Testifying as Pistorius’s murder trial entered its third week, firearm dealer Sean Rens told the court: “He had a great love and enthusiasm for them.”

Rens said he met Pistorius in May 2012 and sold him a Smith and Wesson 500 revolver.

When they met, Pistorius had only owned a single firearm a 9mm pistol.

But in the following months, the disabled Olympic athlete bought several more firearms from Rens, who said he checked that his client had a licence and competency card and kept a record of his training.

“Over a number of months he bought a number of firearms,” Rens said.

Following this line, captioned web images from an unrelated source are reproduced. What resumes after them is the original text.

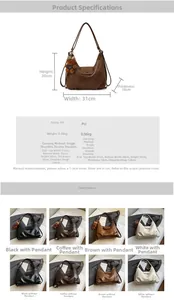 Detailed view of the versatile PU leather hobo bag showing size and color options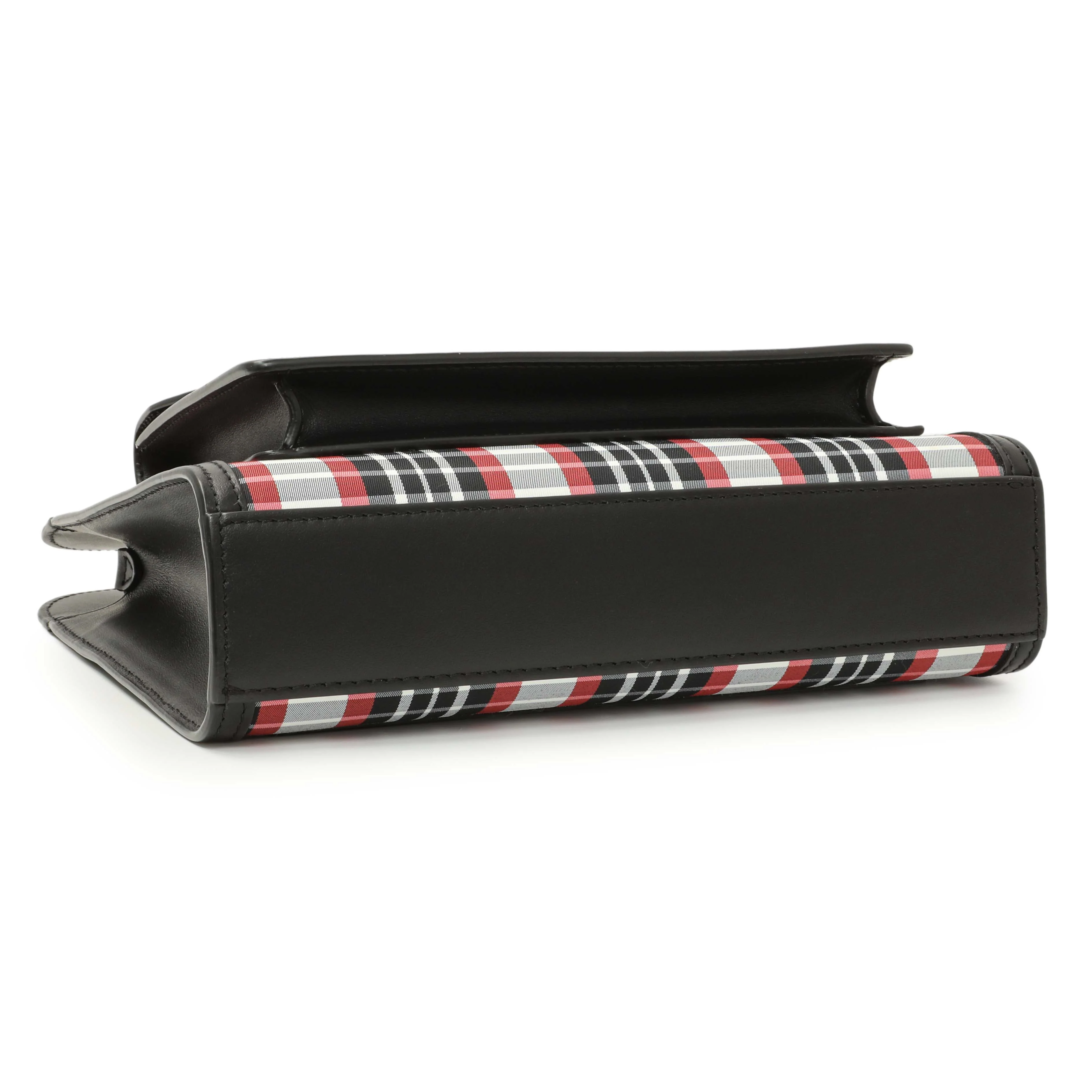 Burberry Black Calfskin Check Canvas Mini Pocket Bag - Image 3
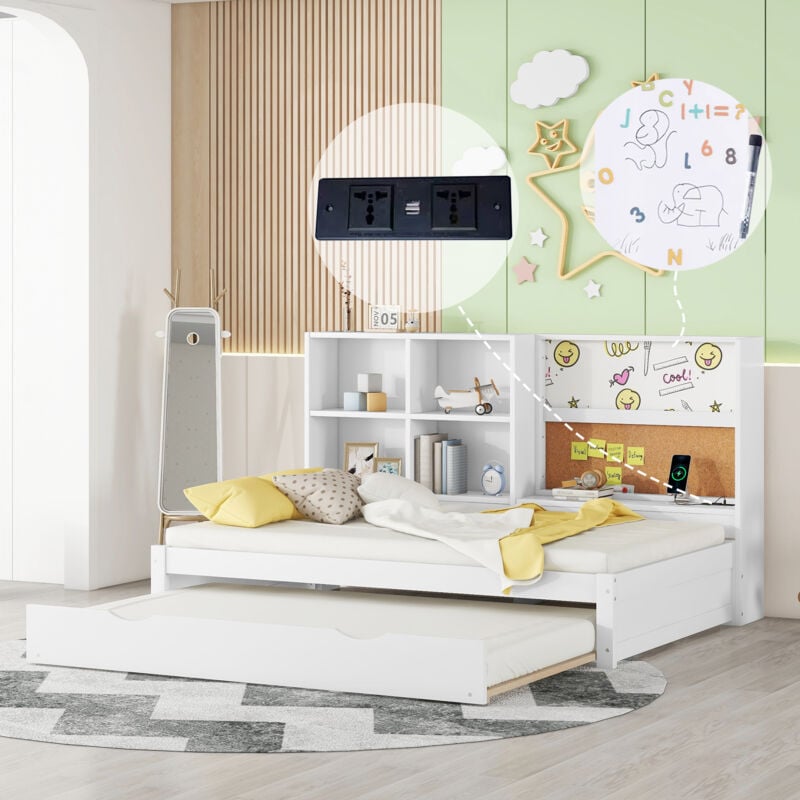 foto del prodotto divano letto con rotelle, porta di ricarica usb, tavolo da disegno, vani multipli, bianco, 90 x 200 cm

Under questioning from State prosecutor Gerrie Nel, Rens said as part of his competency test, Pistorius had completed a questionnaire that presented the applicant with various burglary scenarios and asked whether they would justify the use of lethal force.

Pistorius answered no in each case, except in the hypothesis where two armed men advance on him in his house with no security gate between himself and the intruders.

Nel then presented Rens with a copy of an invoice, and he confirmed that Pistorius had ordered:

  • a rifle or carbine vector LM6, which Rens said was a civilian version of the semi-automatic assault rifle that South Africa’s police or military use;
  • a Winchester shotgun;
  • a Mossberg Maverick shotgun;
  • a Smith and Wesson revolver .38 special, the smallest revolver as opposed to the largest, the Smith and Wesson 500;
  • a Mossberg semi-automatic self-loading shotgun and
  • another self-loading rifle.

However, the firearms were never handed over to Pistorius because he cancelled the order about a month after “an incident”, Rens said, referring to Steenkamp’s death on Valentine’s Day last year.

Pistorius has pleaded not guilty to premeditated murder, contending that he shot the blonde swimsuit model through a locked bathroom door in his Pretoria home in the belief that an intruder was hiding behind it.

The State is arguing that he killed her after the couple had a row.

On Monday, the court also heard testimony from a police photographer who commented on dozens of pictures he took at Pistorius’s home hours after the shooting, including one showing a blood-streaked toilet bowl and another showing blood splatter above the headboard of his bed.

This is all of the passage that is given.